One of the comments in the NMFC article, written by someone calling himself "BTinSF", dismissed the article as "too full of self-pity". He was also mystified that anyone did not understand that there were risks associated with BDCs.
I have to admit that I did not see any self-pity in the article. Since I had no idea what that person was was talking about, I agreed with him that my article was "full of self-pity", hoping not to provoke any further banalities from him attempting to develop into a thought worthy of communication.

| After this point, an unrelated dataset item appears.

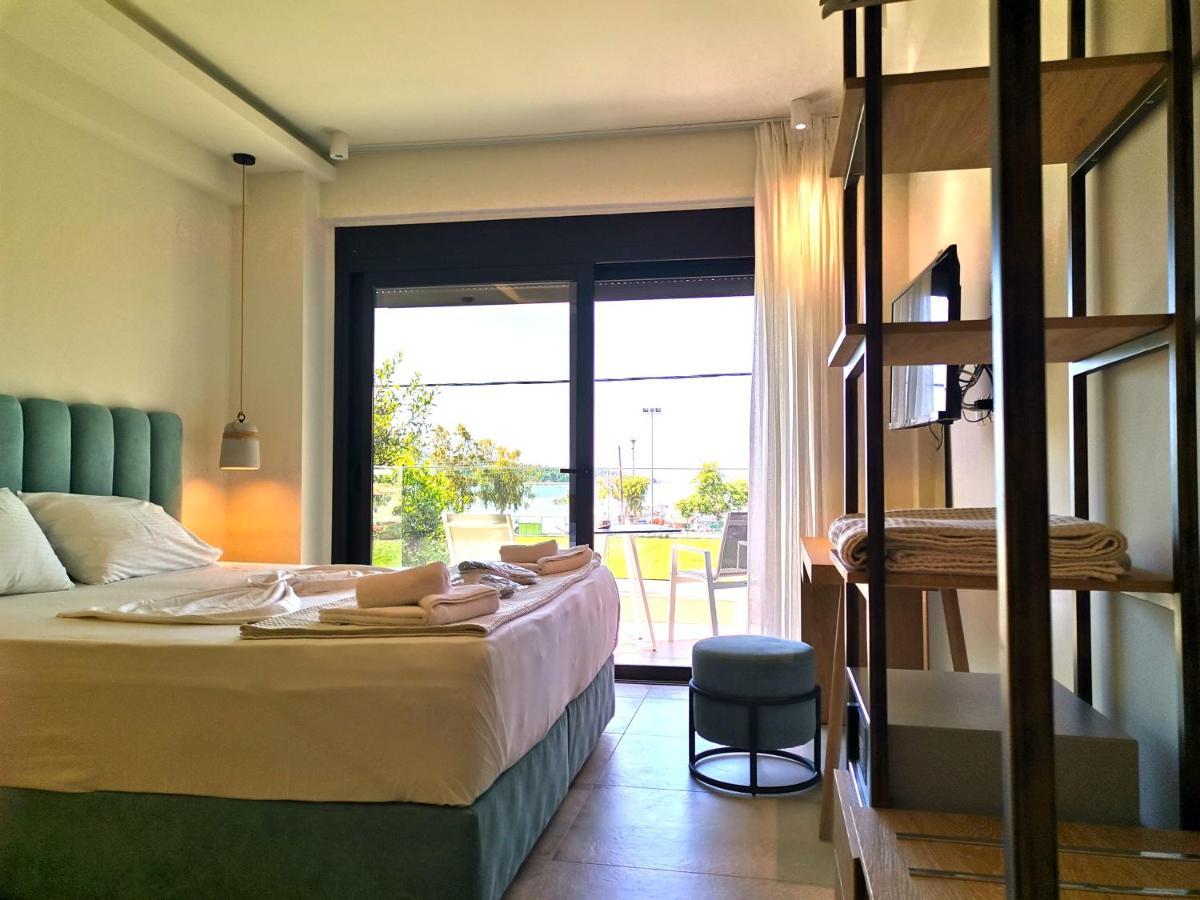 Thetis Boutique Apartments เนโอสมาร์มาราส ภายนอก รูปภาพ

I was just explaining in my usual objective factual manner the risks inherent in BDCs. For NMFC, those risks were highlighted by the UniTek loan loss originating in my opinion from a poor underwriting decision, which precipitated a net asset value write-down and a large share offering to replenish the BDC's coffers, all happening at the same time. It was more than just the loan to Unitek at 11% cash interest plus a 4% PIK, but the size of the loan as a percentage of NMFC's gross assets.
The shares had not declined that much due to the share offering and the write-down. Perhaps, I lost $40 in unrealized gains, hardly enough to drive myself to drink. I also mentioned in a comment that my total return for the shares sold after this news was over 13%.
After learning about the UniTek fiasco, I elected to sell the remaining 100 shares in my taxable account, realizing a total return of 13.19%. (snapshots in SOLD 100 of 150 NMFC at $14.4773 (10/23/14 Post)-Bought 100 NMFC at $14.28 (June 2013)
I waited for the last 50 shares, held in a Roth IRA, to turn profitable before selling that lot.
Snapshot of Trade Profit:
2014 Roth IRA Sold 50 Shares NMFC +$5.58 |
As discussed at SA, I will consider buying shares back only when the market price is greater than a 5% discount to net asset value. Due to the write-down in the Unitek loan, New Mountain estimated that its net asset value was $14.35 as of 10/22/14. SEC Form 8-K The company announced that write-off on the same day as yet another share offering to replenish the coffers resulting from that loss. New Mountain Finance Corporation Announces Pricing of 5,000,000 Shares of Common Stock
I no longer believe that this BDC deserves a premium price to NAV per share, so I sold my remaining shares at a premium to that last reported net asset value per share.
2. Bought 100 KCAP at $7.54 (The $500 to $1,000 Flyer's Basket Strategy)(see Disclaimer): This is an extreme risk BDC in my opinion. The price has recently declined due to a share offering.
Snapshot of Trade:
Closing Price Date of Trade: KCAP: $7.63 +0.07 (+0.93%)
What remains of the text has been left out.